▸ Your assignment
Your job is to retype all of the data word for word, leaving every image out.

▸ The data
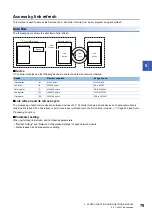 Preview for 81 page of Mitsubishi Electric MELSEC iQ-R C R12CCPU-V User Manual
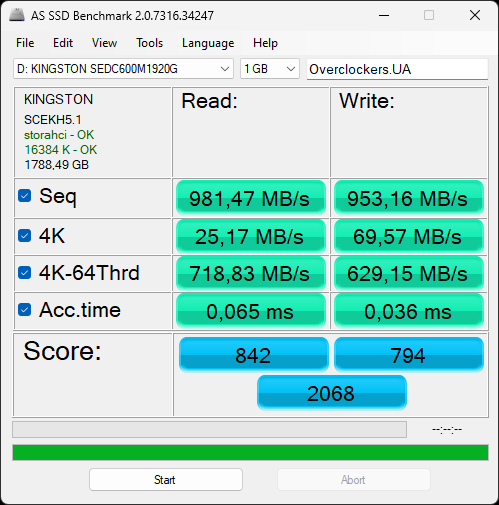 Kingston DC600M 1920GB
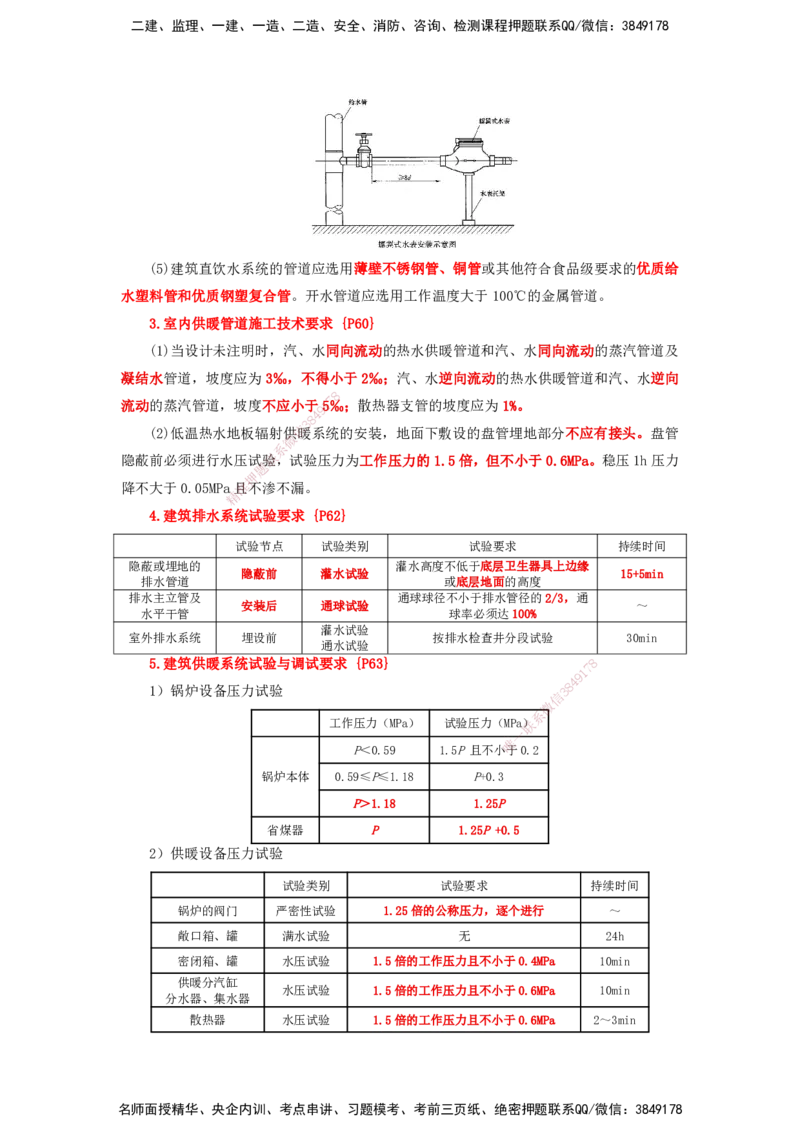 25一建-天成密训-机电1上_2026年一级建造师_2026年一建机电_2025年一建机电SVIP_04-冲刺串讲✿考点强化✿小灶集训_87-机电《考前天成密训》石莉HX_讲义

▸ Response below
 Preview for 81 page of Mitsubishi Electric MELSEC iQ-R C R12CCPU-V User Manual
 Kingston DC600M 1920GB
 25一建-天成密训-机电1上_2026年一级建造师_2026年一建机电_2025年一建机电SVIP_04-冲刺串讲✿考点强化✿小灶集训_87-机电《考前天成密训》石莉HX_讲义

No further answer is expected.